#### Assignment:
From the first line of the material to the line containing "Home & Styling", inclusive, write out each line exactly, leaving out the pictures.

#### Records for processing:
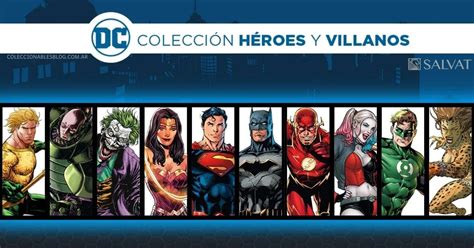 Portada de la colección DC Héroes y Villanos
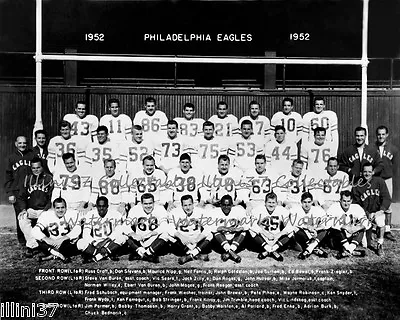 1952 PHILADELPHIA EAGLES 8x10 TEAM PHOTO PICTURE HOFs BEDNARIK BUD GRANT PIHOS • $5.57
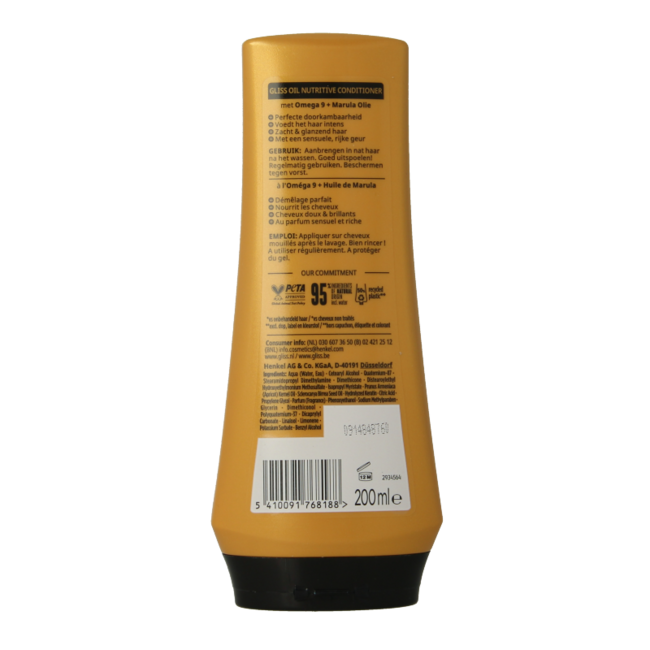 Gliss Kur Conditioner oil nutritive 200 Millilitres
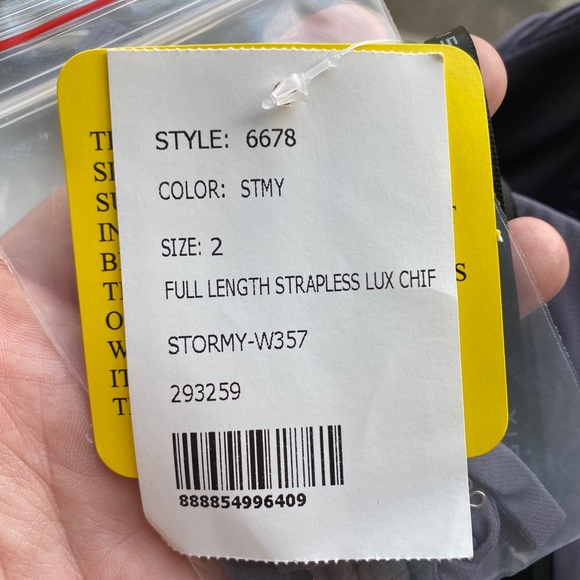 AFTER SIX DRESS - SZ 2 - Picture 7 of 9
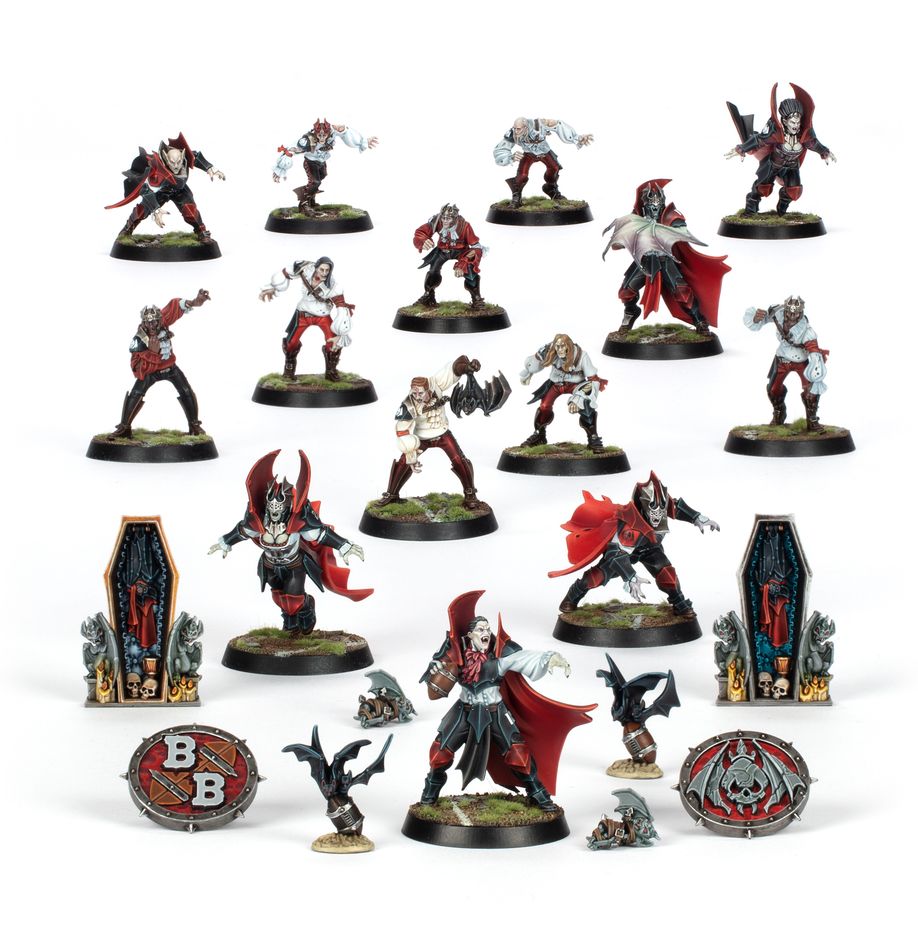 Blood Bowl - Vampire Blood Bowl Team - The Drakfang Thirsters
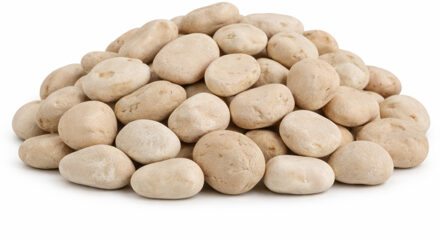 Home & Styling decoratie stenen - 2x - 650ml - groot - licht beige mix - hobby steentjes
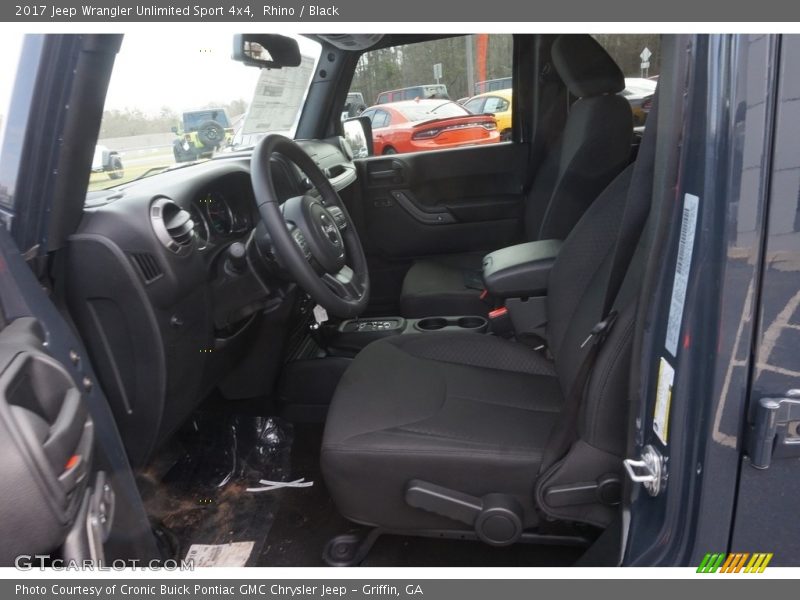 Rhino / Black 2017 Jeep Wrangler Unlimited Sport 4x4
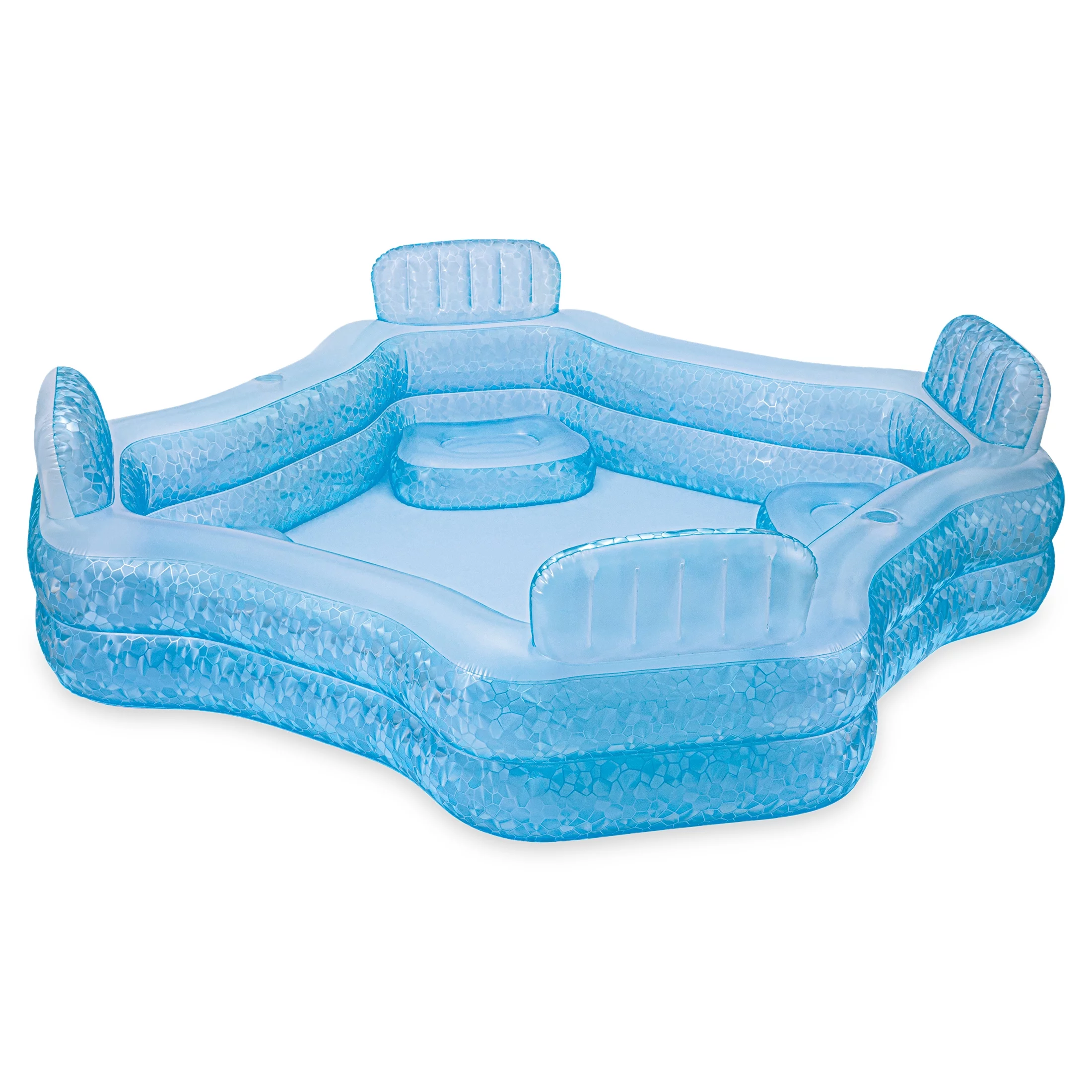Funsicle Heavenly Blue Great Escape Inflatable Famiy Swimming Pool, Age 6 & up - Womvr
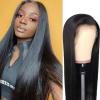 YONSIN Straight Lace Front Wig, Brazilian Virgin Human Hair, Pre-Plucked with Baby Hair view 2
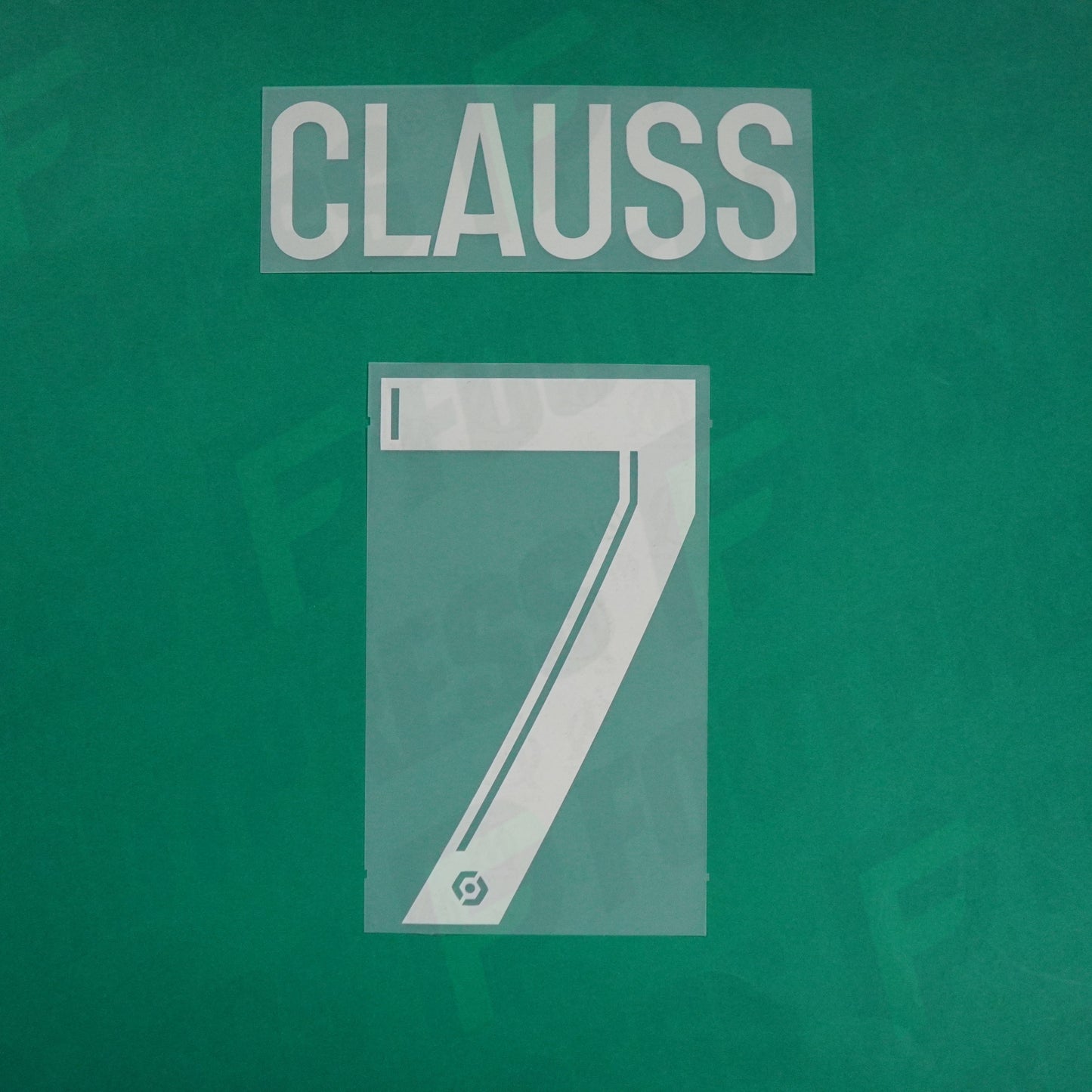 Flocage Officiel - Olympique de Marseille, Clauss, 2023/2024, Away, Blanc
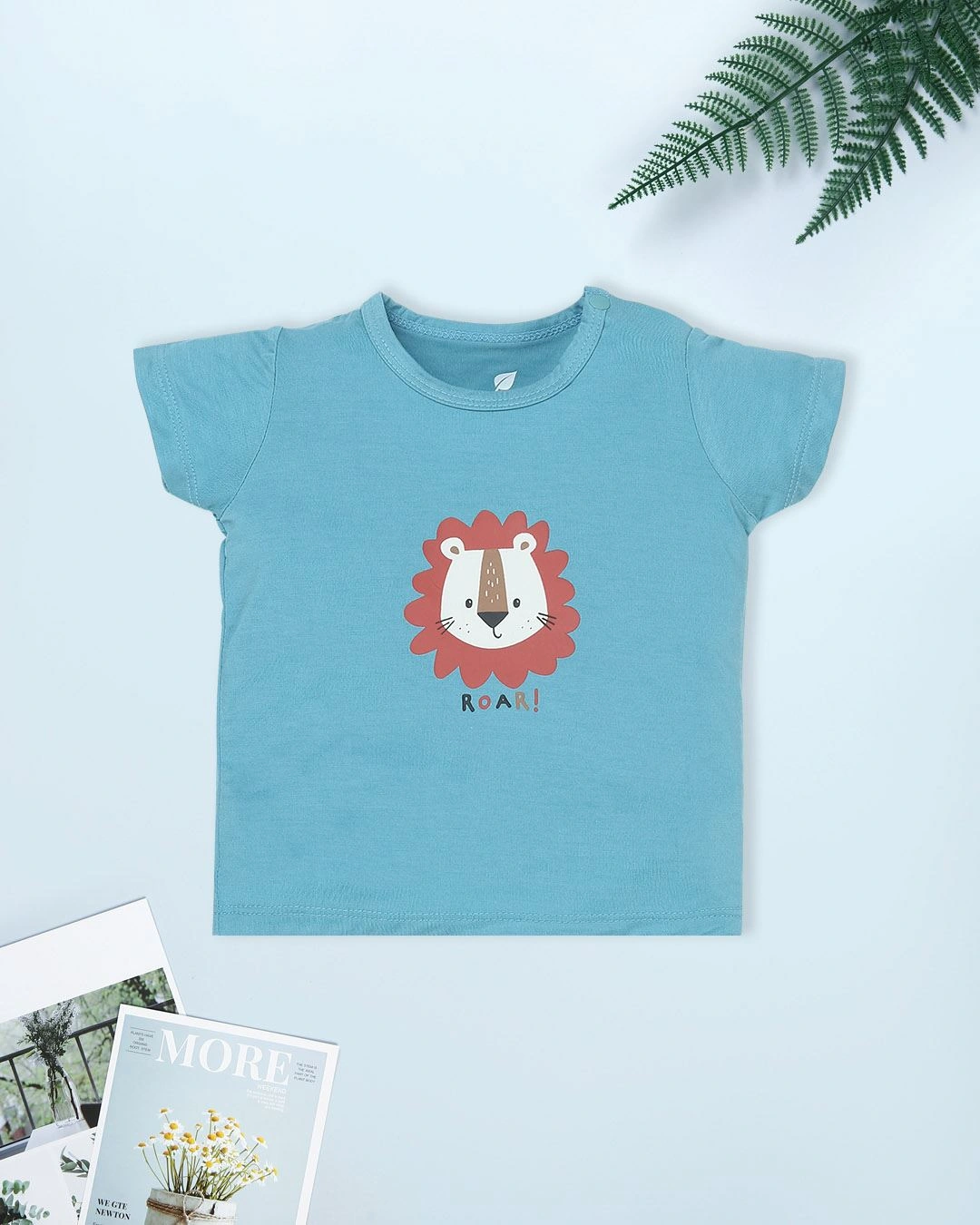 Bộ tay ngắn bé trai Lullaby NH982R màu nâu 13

#### The completed task:
 Portada de la colección DC Héroes y Villanos
 1952 PHILADELPHIA EAGLES 8x10 TEAM PHOTO PICTURE HOFs BEDNARIK BUD GRANT PIHOS • $5.57
 Gliss Kur Conditioner oil nutritive 200 Millilitres
 AFTER SIX DRESS - SZ 2 - Picture 7 of 9
 Blood Bowl - Vampire Blood Bowl Team - The Drakfang Thirsters
 Home & Styling decoratie stenen - 2x - 650ml - groot - licht beige mix - hobby steentjes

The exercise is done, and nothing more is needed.